Hope to update soon.
Regards,
Matt
On Nov 27, 11:51 pm, Mike Christie <micha...@cs.wisc.edu> wrote:
> On 11/27/2011 06:06 PM,MattLundstromwrote:
>
> > Hi Mike,
>
> > Well, the log above was just a sample. The underlying 1011 error sometimes
> > appears without a ping error, for example:
>
> Could you try the kernel I sent in the other mail:
>
> http://people.redhat.com/mchristi/kernel-2.6.18-274.el5.iscsidebug1.i...
>
> http://people.redhat.com/mchristi/kernel-PAE-2.6.18-274.el5.iscsidebu...
>
> http://people.redhat.com/mchristi/kernel-2.6.18-274.el5.iscsidebug1.x...
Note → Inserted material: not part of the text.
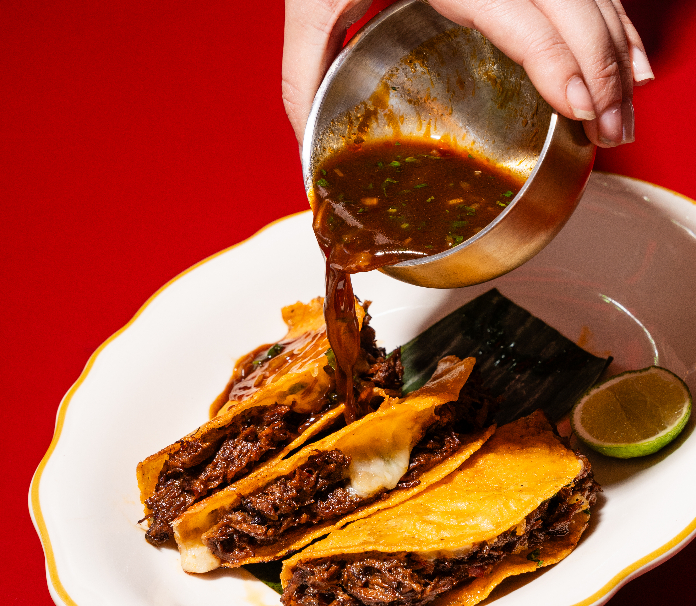 Rich broth being poured over Birria Tacos with melted cheese, served with a lime wedge on a red background.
Well, we got things juggled around a lot sooner than expected, and got
the kernel installed.
But our VMs would not start under it.
[root@hv4 ~]# tail -f /var/log/messages
Dec 6 14:25:15 hv4 kernel: [bnx2x_extract_max_cfg:1074(eth3)]Illegal
configuration detected for Max BW - using 100 instead
Dec 6 14:25:15 hv4 kernel: [bnx2x_extract_max_cfg:1074(eth4)]Illegal
configuration detected for Max BW - using 100 instead
Dec 6 14:25:15 hv4 kernel: [bnx2x_extract_max_cfg:1074(eth5)]Illegal
configuration detected for Max BW - using 100 instead
Dec 6 14:25:15 hv4 kernel: [bnx2x_extract_max_cfg:1074(eth6)]Illegal
configuration detected for Max BW - using 100 instead
Dec 6 14:25:15 hv4 kernel: [bnx2x_extract_max_cfg:1074(eth7)]Illegal
configuration detected for Max BW - using 100 instead
Dec 6 14:25:45 hv4 kernel: [bnx2x_extract_max_cfg:1074(eth3)]Illegal
configuration detected for Max BW - using 100 instead
Dec 6 14:25:45 hv4 kernel: [bnx2x_extract_max_cfg:1074(eth4)]Illegal
configuration detected for Max BW - using 100 instead
Dec 6 14:25:45 hv4 kernel: [bnx2x_extract_max_cfg:1074(eth5)]Illegal
configuration detected for Max BW - using 100 instead
Dec 6 14:25:45 hv4 kernel: [bnx2x_extract_max_cfg:1074(eth6)]Illegal
configuration detected for Max BW - using 100 instead
Dec 6 14:25:45 hv4 kernel: [bnx2x_extract_max_cfg:1074(eth7)]Illegal
configuration detected for Max BW - using 100 instead
Looks like this kernel doesn't like the Nics on the blade servers.
Regards,
Matt
Doh. My fault. I see you are using the xen kernel 2.6.18-238.9.1.el5xen.
I will rebuild a kernel based on that.
Thanks Mike, I will keep an eye out for it. Much appreciated.